## PROBLEM TO WORK ON
Copy nothing but the lines below, from the one with "2009 1/4 Oz" through the one with "Nintendo Wii til", exactly as written; no pictures should appear.

* * *

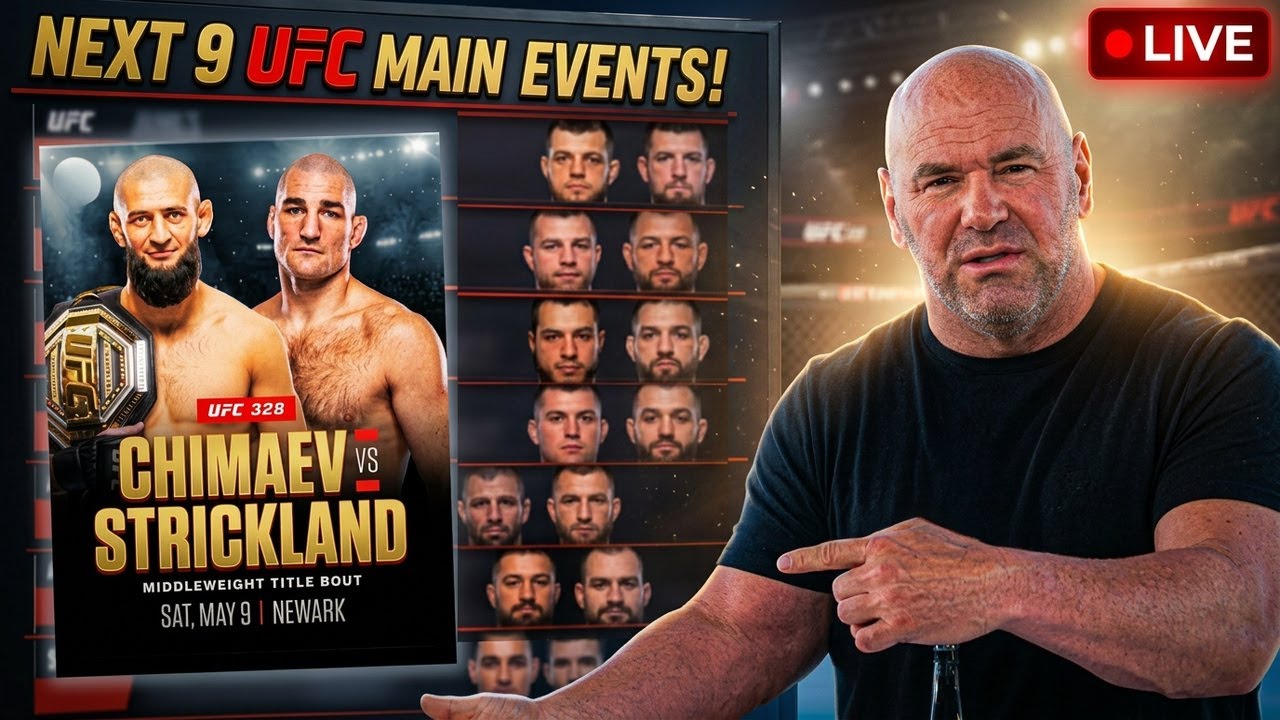 🔴LIVE - BREAKING: Chimaev vs Strickland OFFICIAL, Plus many more fights announced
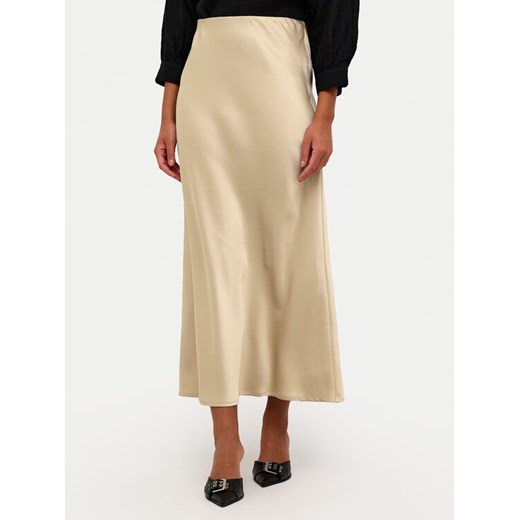 Kaffe Spódnica maxi Lotte 10508853 Beżowy Regular Fit ze sklepu MODIVO w kategorii Spódnice - zdjęcie 182730943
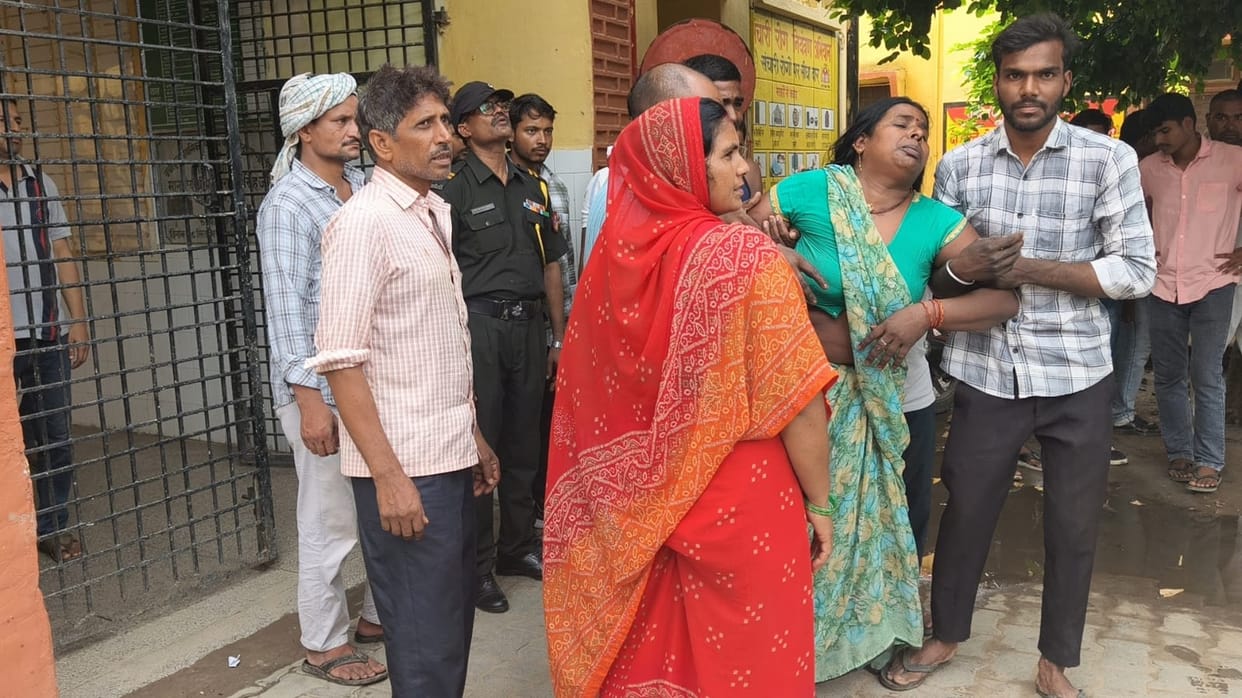 Student dies of electrocution after going to wash hands and feet near submersible pump.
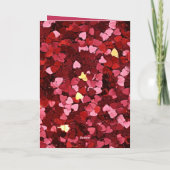 Carte Red and Pink Hearts Confetti Happy Valentine's Day (Dos)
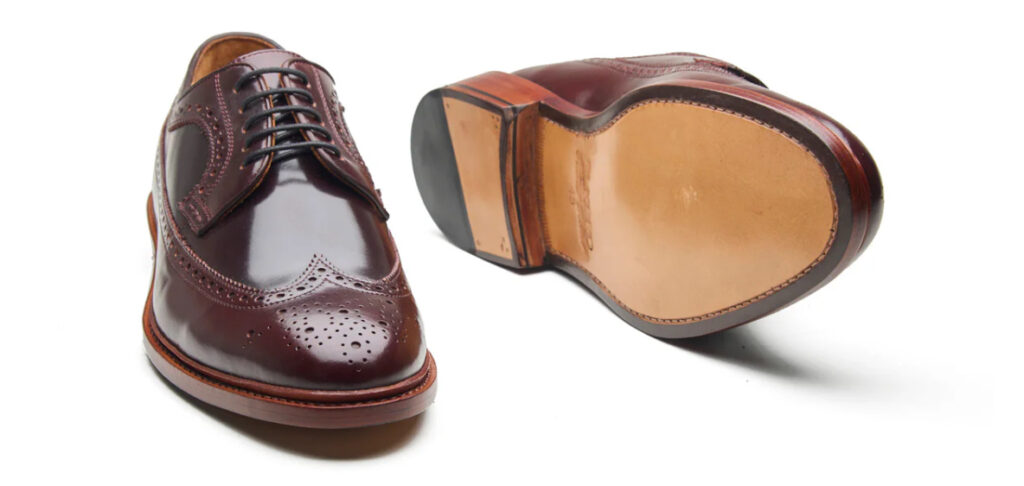 Détail du BLKBRD Barrister Longwing Shell Cordovan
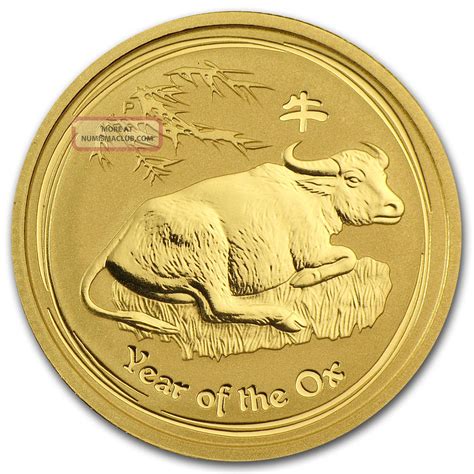 2009 1/4 Oz Gold Australian Perth Lunar Year Of The Ox Coin - Sku 43917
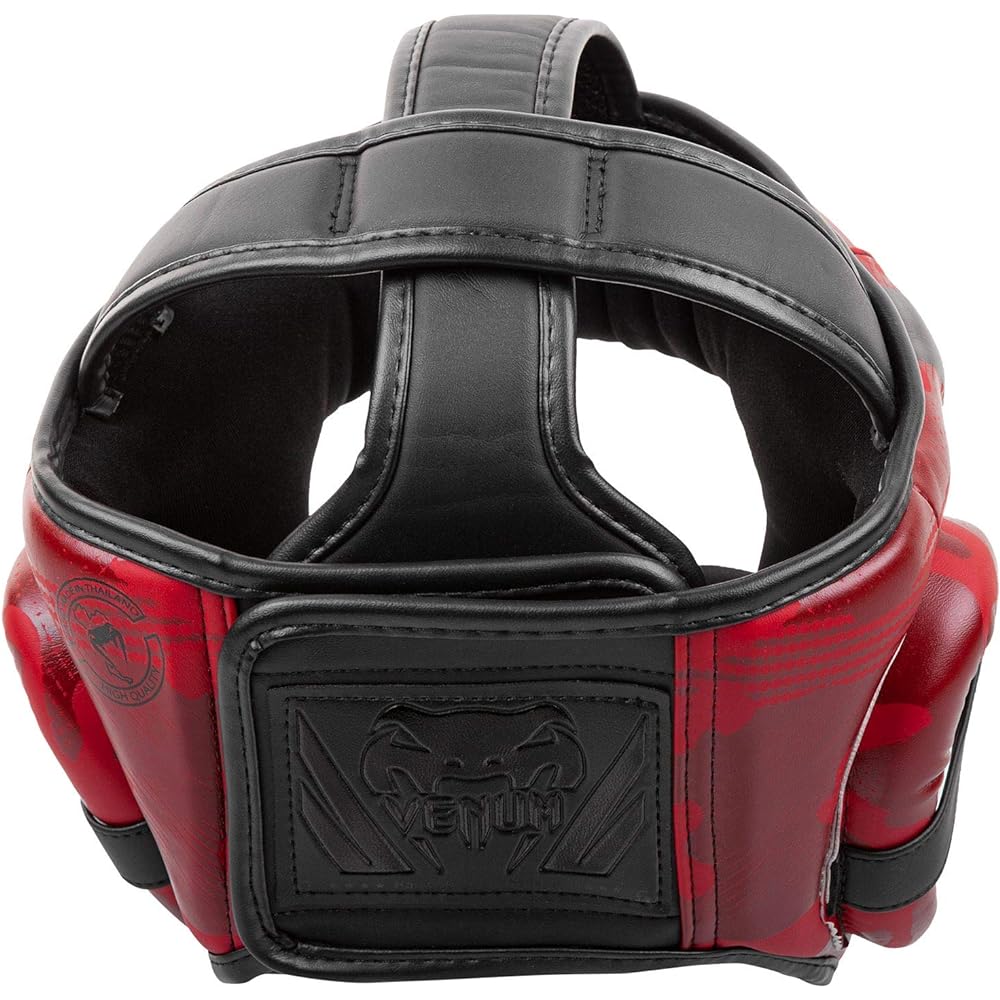 Venum Elite Headgear - Red/Camo One Size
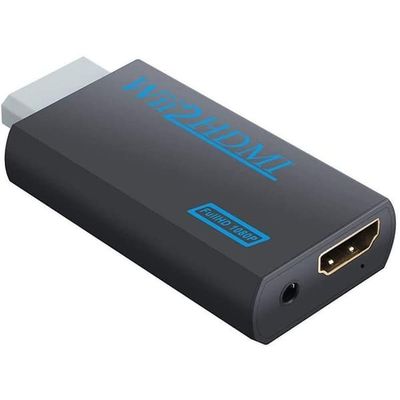 Nintendo Wii til HDMI-adapter - fuld HD 1080p Black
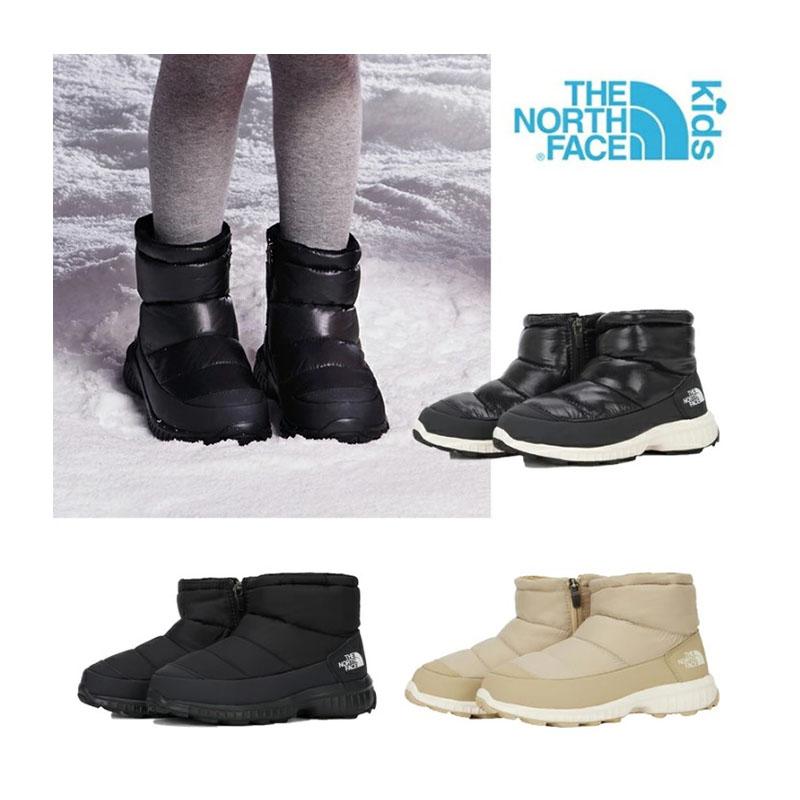 楽天市場】☆送料無料☆THE NORTH FACE☆NS96P91 KID BOOTIE VELCRO ショートブーツ ブーティ 防寒 雪 冬 暖かい  ダウン 子供用 キッズ 短い ファスナーな 滑らない 軽い スノボ ウィンタースポーツ 保温 韓国 女児用 男児用 ホワイトレーベル かわいい  おしゃれ 人気 ...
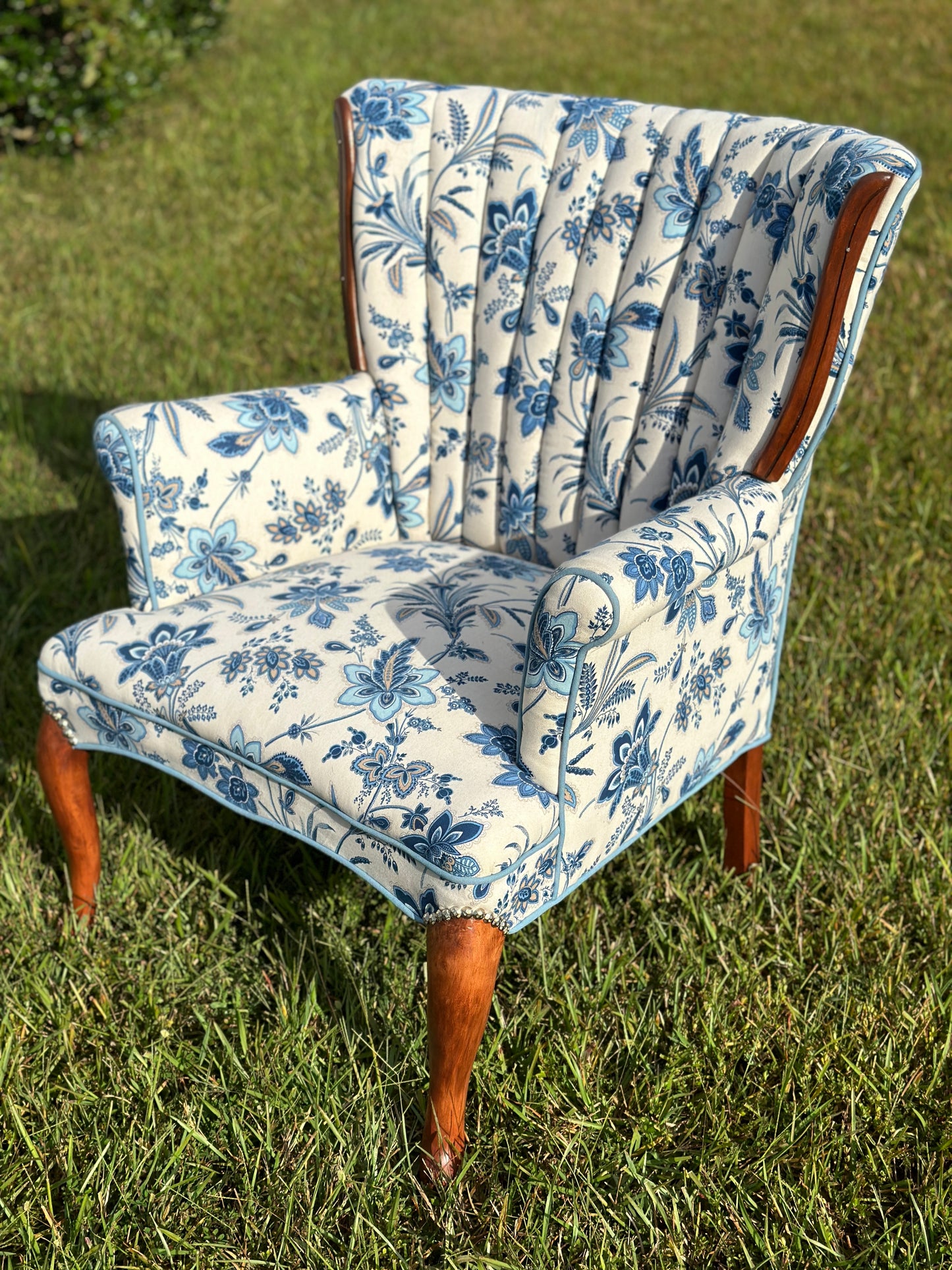 Harmony Blues Accent Chair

* * *

## EXERCISE OUTPUT
 2009 1/4 Oz Gold Australian Perth Lunar Year Of The Ox Coin - Sku 43917
 Venum Elite Headgear - Red/Camo One Size
 Nintendo Wii til HDMI-adapter - fuld HD 1080p Black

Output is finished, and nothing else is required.